■ **Your assignment**
Retype, word for word, every line of the records below starting at the one that contains "Dangosai’r siart, dros" and ending at the one that contains "Informe epidemiológico sobre"; include both of those lines and nothing more.

■ **Given information**

BEGIN

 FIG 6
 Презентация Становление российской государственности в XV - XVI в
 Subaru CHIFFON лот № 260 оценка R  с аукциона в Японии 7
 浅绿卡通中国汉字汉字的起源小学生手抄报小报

END
BEGIN

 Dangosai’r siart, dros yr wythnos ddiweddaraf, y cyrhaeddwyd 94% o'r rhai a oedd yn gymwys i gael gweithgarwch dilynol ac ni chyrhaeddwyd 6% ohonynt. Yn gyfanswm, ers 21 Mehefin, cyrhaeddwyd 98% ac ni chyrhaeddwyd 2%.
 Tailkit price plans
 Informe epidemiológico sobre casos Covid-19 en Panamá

END

■ **Answer box**
 Dangosai’r siart, dros yr wythnos ddiweddaraf, y cyrhaeddwyd 94% o'r rhai a oedd yn gymwys i gael gweithgarwch dilynol ac ni chyrhaeddwyd 6% ohonynt. Yn gyfanswm, ers 21 Mehefin, cyrhaeddwyd 98% ac ni chyrhaeddwyd 2%.
 Tailkit price plans
 Informe epidemiológico sobre casos Covid-19 en Panamá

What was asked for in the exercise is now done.